**TASK REQUIREMENTS:**
With the line containing "15΍ ܂EEg 1.1kg" as the first and the final line of the entries as the last, repeat exactly the lines in that span, including both.

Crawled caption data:
━━━━━━━━━━━━━━━━━━━━

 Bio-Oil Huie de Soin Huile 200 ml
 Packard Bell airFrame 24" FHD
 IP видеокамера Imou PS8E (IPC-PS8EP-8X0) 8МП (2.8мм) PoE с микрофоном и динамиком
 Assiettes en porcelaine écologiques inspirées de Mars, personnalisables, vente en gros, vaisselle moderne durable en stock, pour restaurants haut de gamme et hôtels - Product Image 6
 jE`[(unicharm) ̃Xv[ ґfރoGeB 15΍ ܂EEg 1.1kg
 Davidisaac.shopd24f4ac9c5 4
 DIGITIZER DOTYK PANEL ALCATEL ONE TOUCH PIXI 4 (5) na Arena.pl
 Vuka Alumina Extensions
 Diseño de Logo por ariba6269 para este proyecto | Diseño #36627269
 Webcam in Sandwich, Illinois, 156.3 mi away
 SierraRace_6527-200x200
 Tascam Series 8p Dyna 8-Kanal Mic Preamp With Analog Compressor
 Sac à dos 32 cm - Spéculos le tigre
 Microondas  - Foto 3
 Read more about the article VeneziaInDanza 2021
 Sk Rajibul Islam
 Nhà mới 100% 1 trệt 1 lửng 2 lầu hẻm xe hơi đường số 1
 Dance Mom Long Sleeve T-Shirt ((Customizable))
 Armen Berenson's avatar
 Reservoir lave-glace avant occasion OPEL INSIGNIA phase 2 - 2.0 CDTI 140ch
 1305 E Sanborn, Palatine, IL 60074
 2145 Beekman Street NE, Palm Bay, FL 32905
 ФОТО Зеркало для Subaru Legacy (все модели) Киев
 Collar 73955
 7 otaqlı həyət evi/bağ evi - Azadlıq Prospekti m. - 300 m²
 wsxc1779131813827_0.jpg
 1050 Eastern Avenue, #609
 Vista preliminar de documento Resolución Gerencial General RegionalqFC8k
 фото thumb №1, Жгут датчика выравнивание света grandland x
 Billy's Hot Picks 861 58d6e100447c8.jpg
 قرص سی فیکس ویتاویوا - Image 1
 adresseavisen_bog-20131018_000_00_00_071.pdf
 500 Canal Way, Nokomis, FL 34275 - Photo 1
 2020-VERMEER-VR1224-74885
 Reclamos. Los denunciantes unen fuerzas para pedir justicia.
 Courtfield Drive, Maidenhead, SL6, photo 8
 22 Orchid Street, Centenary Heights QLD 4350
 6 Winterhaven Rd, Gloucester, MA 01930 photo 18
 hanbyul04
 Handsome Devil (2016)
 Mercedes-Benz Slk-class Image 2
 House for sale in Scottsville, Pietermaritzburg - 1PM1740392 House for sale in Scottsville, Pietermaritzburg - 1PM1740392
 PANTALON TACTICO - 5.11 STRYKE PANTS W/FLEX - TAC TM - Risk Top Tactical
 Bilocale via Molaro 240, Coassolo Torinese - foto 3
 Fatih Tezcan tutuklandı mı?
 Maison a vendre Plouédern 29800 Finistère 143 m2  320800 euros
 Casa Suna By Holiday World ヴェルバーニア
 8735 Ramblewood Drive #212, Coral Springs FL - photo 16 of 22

━━━━━━━━━━━━━━━━━━━━

**EXPECTED ANSWER:**
 jE`[(unicharm) ̃Xv[ ґfރoGeB 15΍ ܂EEg 1.1kg
 Davidisaac.shopd24f4ac9c5 4
 DIGITIZER DOTYK PANEL ALCATEL ONE TOUCH PIXI 4 (5) na Arena.pl
 Vuka Alumina Extensions
 Diseño de Logo por ariba6269 para este proyecto | Diseño #36627269
 Webcam in Sandwich, Illinois, 156.3 mi away
 SierraRace_6527-200x200
 Tascam Series 8p Dyna 8-Kanal Mic Preamp With Analog Compressor
 Sac à dos 32 cm - Spéculos le tigre
 Microondas  - Foto 3
 Read more about the article VeneziaInDanza 2021
 Sk Rajibul Islam
 Nhà mới 100% 1 trệt 1 lửng 2 lầu hẻm xe hơi đường số 1
 Dance Mom Long Sleeve T-Shirt ((Customizable))
 Armen Berenson's avatar
 Reservoir lave-glace avant occasion OPEL INSIGNIA phase 2 - 2.0 CDTI 140ch
 1305 E Sanborn, Palatine, IL 60074
 2145 Beekman Street NE, Palm Bay, FL 32905
 ФОТО Зеркало для Subaru Legacy (все модели) Киев
 Collar 73955
 7 otaqlı həyət evi/bağ evi - Azadlıq Prospekti m. - 300 m²
 wsxc1779131813827_0.jpg
 1050 Eastern Avenue, #609
 Vista preliminar de documento Resolución Gerencial General RegionalqFC8k
 фото thumb №1, Жгут датчика выравнивание света grandland x
 Billy's Hot Picks 861 58d6e100447c8.jpg
 قرص سی فیکس ویتاویوا - Image 1
 adresseavisen_bog-20131018_000_00_00_071.pdf
 500 Canal Way, Nokomis, FL 34275 - Photo 1
 2020-VERMEER-VR1224-74885
 Reclamos. Los denunciantes unen fuerzas para pedir justicia.
 Courtfield Drive, Maidenhead, SL6, photo 8
 22 Orchid Street, Centenary Heights QLD 4350
 6 Winterhaven Rd, Gloucester, MA 01930 photo 18
 hanbyul04
 Handsome Devil (2016)
 Mercedes-Benz Slk-class Image 2
 House for sale in Scottsville, Pietermaritzburg - 1PM1740392 House for sale in Scottsville, Pietermaritzburg - 1PM1740392
 PANTALON TACTICO - 5.11 STRYKE PANTS W/FLEX - TAC TM - Risk Top Tactical
 Bilocale via Molaro 240, Coassolo Torinese - foto 3
 Fatih Tezcan tutuklandı mı?
 Maison a vendre Plouédern 29800 Finistère 143 m2  320800 euros
 Casa Suna By Holiday World ヴェルバーニア
 8735 Ramblewood Drive #212, Coral Springs FL - photo 16 of 22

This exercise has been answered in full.